1. While race plays no role in defining "marriage," sex and number do. When a state creates a law prohibiting interracial marriage, it is ancillary to the definition of marriage; when a state creates a law prohibiting certain sexes or certain numbers from marrying, it is part and parcel of the definition of marriage.

2. One strategy for all "minority" groups is to try to align themselves most closely with minority racial groups in order to garner sympathy. This tired tactic is transparent. Not all groups can try to tie their claims of "oppression" to race. In fact, it's abhorrent that homosexuals would insist that their inability to live in a particular state and receive the title "marriage" (while still receiving all the incidents of a domestic union) is akin to racial segregation.
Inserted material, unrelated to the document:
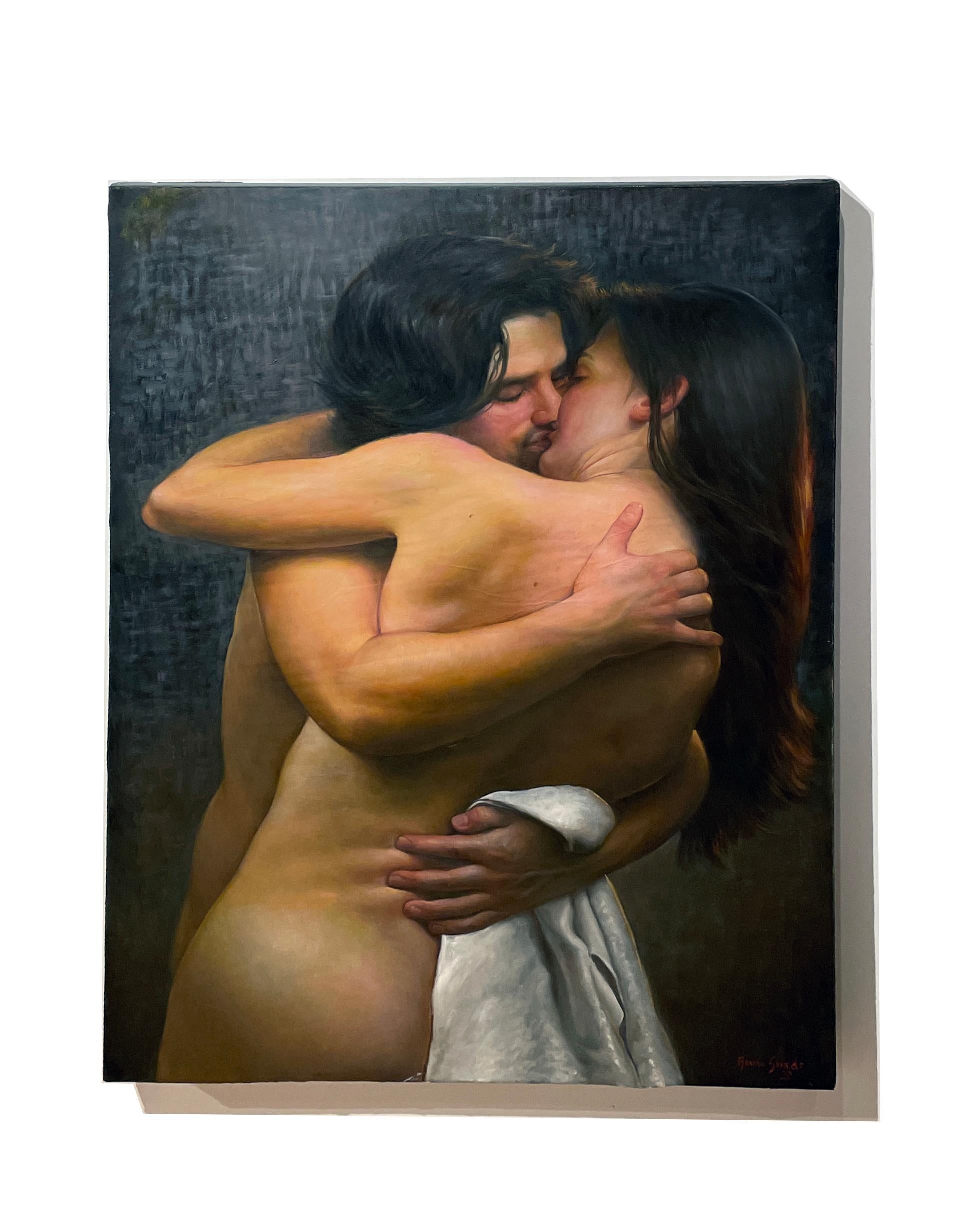 Desire - Lovers nus enlacés dans une bague passionnée, huile sur papier sur toile en vente 2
I'd like to see the reaction of an African-American ten-year-old, daughter of sharecroppers, escorted by national guard troops to the schoolhouse door in the midst of "n-" epithets and rocks hurled at her, simply for the chance to step a foot in the door of a white school, talk with an "oppressed" homosexual woman who could travel to Massachusetts for a marriage license but, instead, sits at home with a religious marriage license and a civil union recognized by the state, asserting that she's treated so shockingly unequally.

3. If anything, we're concerned with politically powerless minorities, whereas homosexuals are generally fare more affluent and politically connected than any other minority group.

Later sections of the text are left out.